The next day was my return journey to Chiclayo. The bus left
at 3 p.m. and after descending the, by now, familiar road to the
Utcubamba river it continued following the river downstream for
the next two hours. Now I was able to see the road that I had
travelled five days earlier. At times the steep-sided valley
becomes a canyon and the road is actually cut into the rock wall
with an overhanging rock roof. Once it goes through a tunnel in
the rock that is only just big enough to take the bus. Eventually
the valley broadens and this road joins the main asphalt-surface
highway connecting the jungle town of Tarapoto with the coastal
town of Chiclayo, and after another restaurant stop and two more
videos the bus arrived in Chiclayo at 2 a.m.
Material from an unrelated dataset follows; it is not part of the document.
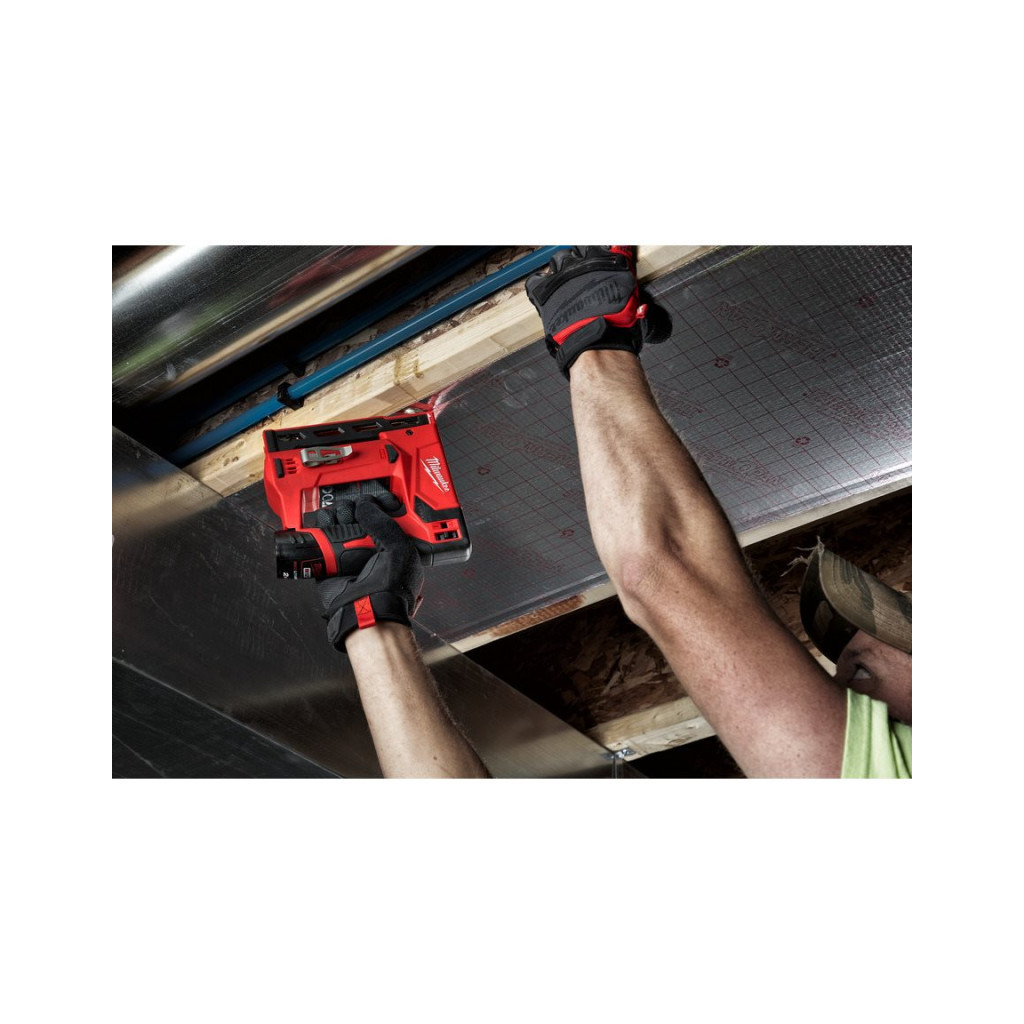 Степлер будівельний Milwaukee M12 BST-0 (без АКБ та ЗП) (4933459634) - изображение 3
I stayed one day in Chiclayo and went to the Bruning Museum
in Lambayeque which houses the treasures of Sipan (the gold and
silver artefacts of Sipan match the Tutankamun collection). I had
seen them before when they were in Lima two years ago but it was
worth the trip to see them again. Some of the most important
treasures are on tour so if they come your way it is well worth
going to see them.
A superb book has been published about the Chachapoyas area;
it is called "Warriors of the Clouds : a lost civilization of the
upper Amazon of Peru" written by Keith Muscott and published in
1998 by the University of New Mexico Press. It has excellent
pictures, well-written descriptions and an extensive
bibliography. Look for it in your local library.